The 1927–28 Boston Bruins season was the team's fourth in the NHL. The Bruins finished first in the American Division, marking its first division title in franchise history and its second playoff appearance.  The team lost in the playoffs to the eventual Stanley Cup champion New York Rangers.

Offseason

The league adopted a goal net designed by Bruins general manager Art Ross; the so-called "Ross goal" would be the standard net into the 1980s.

Prominent newcomers included Dutch Gainor and Dit Clapper, both of whose rights were purchased from the minor leagues, and who would make a significant impact with the Bruins down the years.  The Bruins also obtained Fred Gordon in the offseason, acquiring him from the Detroit Cougars for Harry Meeking, while Red Stuart was traded to Boston's Minneapolis minor league team, for the rights to Gainor and Nobby Clark.

Regular season

For the second straight season, Harry Oliver led the Bruins in scoring, and although the team's attack was relatively anemic – the Bruins finished with 77 goals, leading only the last-place teams in both divisions, the Chicago Black Hawks and the New York Americans – they cut down sharply in goals allowed, leading the division behind Hal Winkler's goaltending.  Eddie Shore was the team's great star, finishing just one point behind Oliver in scoring and leading the league in penalty minutes by a wide margin.

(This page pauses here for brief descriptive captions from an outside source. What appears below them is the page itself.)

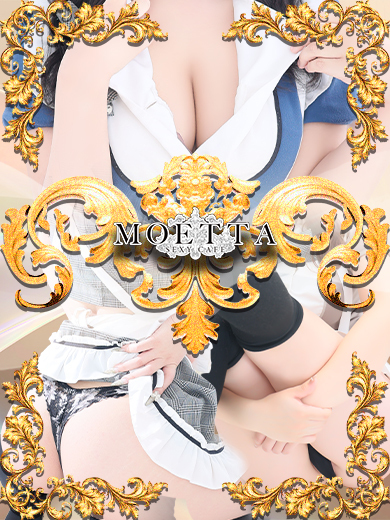 �ʤĤ��֥⥨�å���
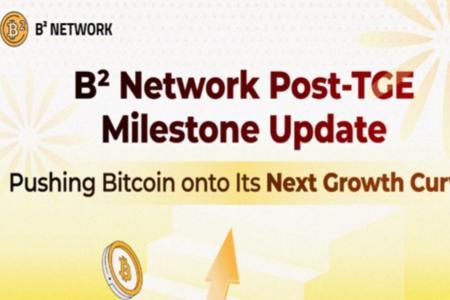 B² Network TGE后五个月：构建比特币与AI经济连接框架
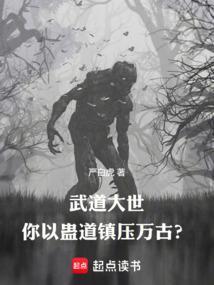 武道大帝全文免费阅读无弹窗5200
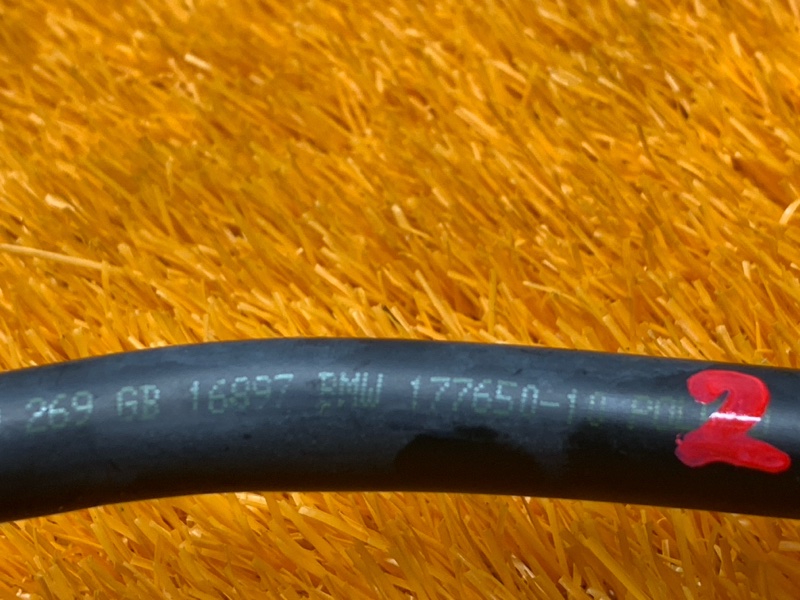 трубка вакуумная, 1180 рублей, Красноярск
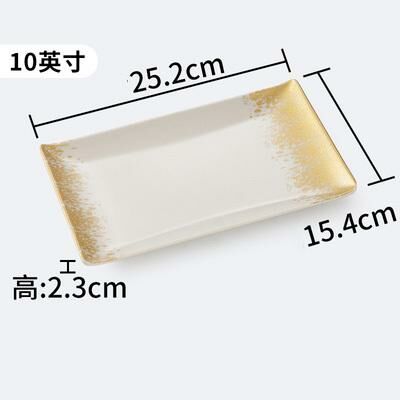 Hot recommended creative melamine tableware restaurant plates and dishes (9610)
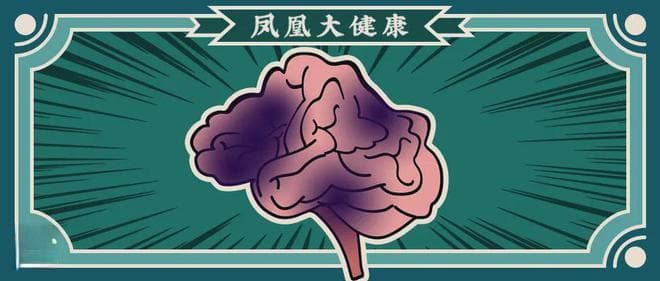 这套饮食方案坚持18个月，大脑衰老速度减慢50%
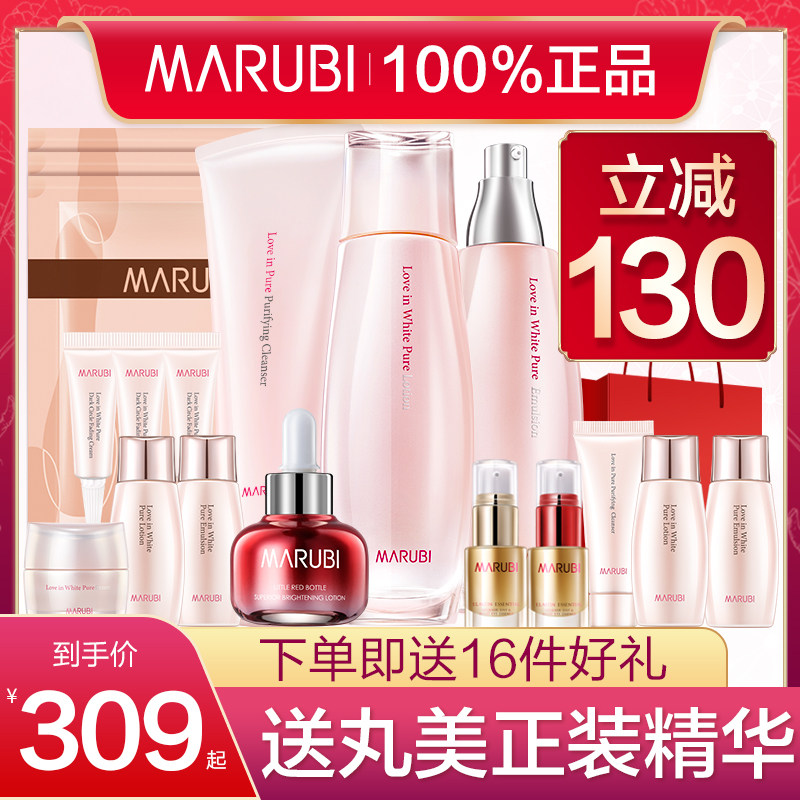 丸美纯白色之恋套装美白补水化妆女 欧玉美化妆品面部护理套装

Winkler in his own turn had fifteen shutouts, tied with Alex Connell for the league lead and a new NHL record; Winkler's mark remains the Bruins' single-season record for shutouts, over ninety years later, and is still tied for the second-most shutouts recorded in a single season.  Although veteran Sprague Cleghorn was fading and missed a quarter of the season with injuries, Shore and defense partner Lionel Hitchman were ironmen, playing most of each game.

With Boston's first place finish, the Bruins became the first team to win the Prince of Wales Trophy, awarded for the first time in this season.

Final standings

Record vs. opponents

Schedule and results

Playoffs 

The Bruins gained a first-round bye by virtue of winning the division, and played the New York Rangers in the second round in a two-game, total goal series.  Their scoring problems of the regular season continued, exacerbated by a flu bug going through the dressing room and various minor injuries; Shore, Clapper, Gainor and Connor were particularly affected.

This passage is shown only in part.